Zu Adolf Hitler fällt Kurt Tucholsky nichts mehr ein. "So tief", wie Deutschland durch den Nationalsozialismus gesunken ist, kann der berühmte Satiriker "nicht schießen". Nach 1933 begegnet er der Wirklichkeit des Dritten Reiches aus der Einsamkeit des schwedischen Exils nur mehr in Briefen an seine Schweizer Freundin. "Ich habe mit diesem Land, dessen Sprache ich so wenig wie möglich spreche, nichts mehr zu schaffen", wird er schreiben. "Möge es verrecken – ich bin damit fertig."

Tucholsky wird am 9. Januar 1890 in Berlin geboren. Sein Vater, ein musisch begabter, humorvoller jüdischer Kaufmann, ist viel auf Reisen; seine herbe Mutter schenkt dem Jungen wenig Liebe. Die Schule absolviert Tucholsky ebenso lustlos wie ein Jura-Studium, das er 1915 mit der Promotion abschließt. Da hat er seine Leidenschaft fürs Schreiben längst entdeckt: Seine Erzählung "Rheinsberg. Ein Bilderbuch für Verliebte" (1912) über das gemeinsame Wochenende eines nicht miteinander verheirateten Paares hat ihn bereits berühmt gemacht. Den dortigen liebevoll verspielten, von sanfter Ironie durchsetzten Ton wird der Autor 1931 noch einmal für die Liebesgeschichte "Schloss Gripsholm" anzuschlagen wissen.Ansonsten nutzt der politisch links stehende Antimilitarist Tucholsky sein Talent eher, um mit der verlogenen Doppelmoral der wilhelminischen Gesellschaft radikal ins Gericht zu gehen. Als hilfreich erweist sich dabei die Bekanntschaft mit Siegfried Jacobsohn, dem Begründer der später in "Weltbühne" umbenannten Theaterzeitschrift "Die Schaubühne", den Tucholsky 1913 erstmals trifft. Er wird zu seinem schärfsten Kritiker und hilft ihm maßgeblich, seinen eigenen, treffsicheren Stil zu finden.Für die "Schaubühne" schreibt Tucholsky Theaterkritiken, Schauspielerporträts, Rezensionen, Aphorismen, Glossen und satirische Gedichte. Seinen Namen verbirgt er nicht selten hinter Pseudonymen wie Peter Panter, Ignaz Wrobel oder Kaspar Hauser – auch, um sich als Person bei der ungeheueren Produktivität etwas zurückzunehmen. An manchen Tagen erscheinen sechs verschiedene Artikel des Autors in der "Weltbühne". Die Abende verbringt Tucholsky in Lokalen und Kabaretts, um den dort auftretenden Schauspielern und Sängern Texte auf den Leib zu schreiben.

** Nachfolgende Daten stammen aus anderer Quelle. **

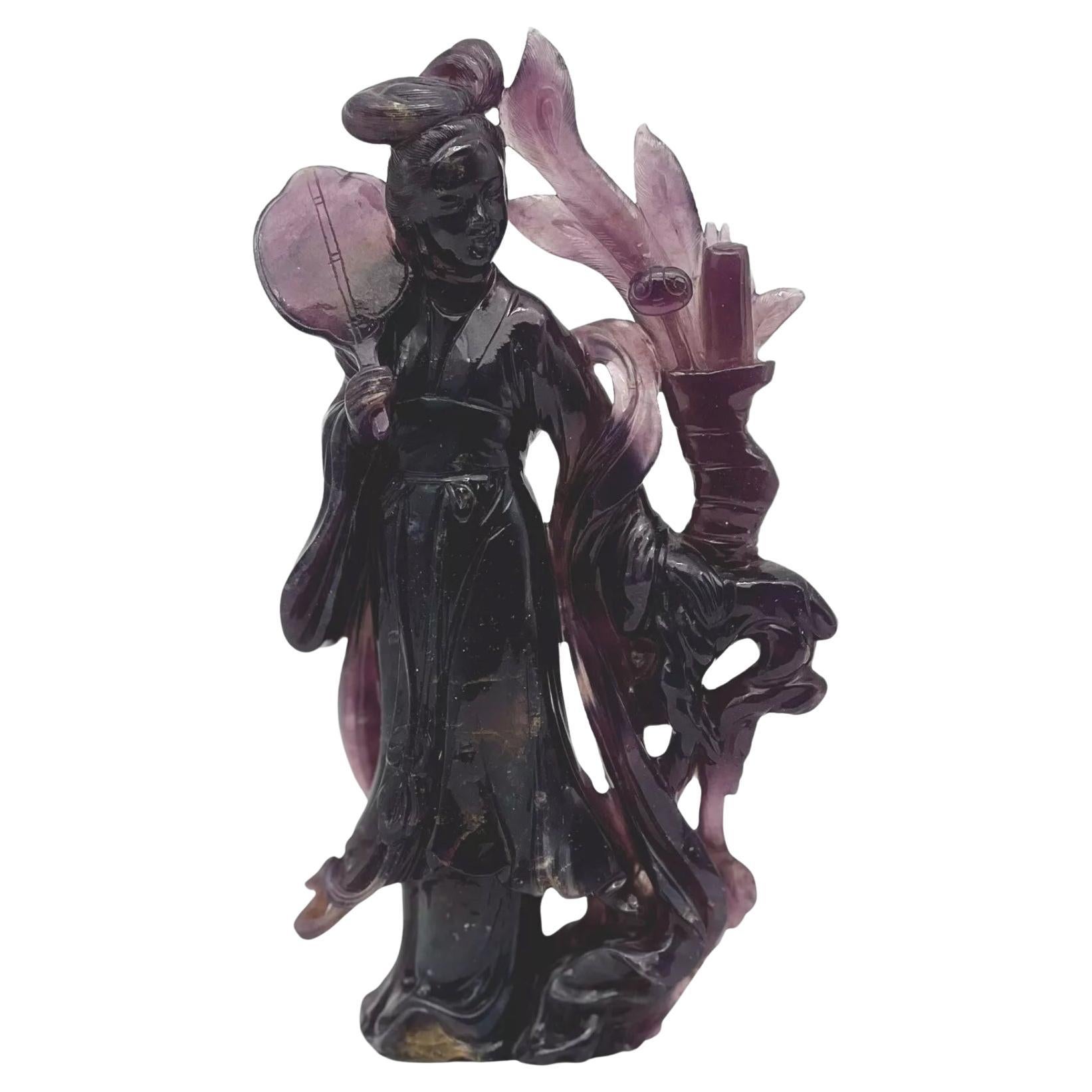 IMPRESIONANTE FIGURA ANTIGUA CHINA TALLADA EN AMATISTA DE GUANYIN. Dinastía Qing en venta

Gegen den Kriegseintritt Deutschlands 1914 schreibt Tucholsky ebenso an wie gegen den Kommunismus, die Weimarer Republik verspottet er als verkleidete Monarchie. Seit Anfang der dreißiger Jahre lebt er vorwiegend in Göteborg. In Schweden hört Tucholsky Hitlers Stimme im Radio: "Kein Humor, keine Wärme, kein Feuer", lautet sein Urteil. Als die Nationalsozialisten 1933 Bücher verbrennen, sind auch seine Werke dabei. Die Entwicklung in Deutschland macht den Autor schwer depressiv. Ende 1935 nimmt er sich mit einer Überdosis von Schlafmitteln das Leben.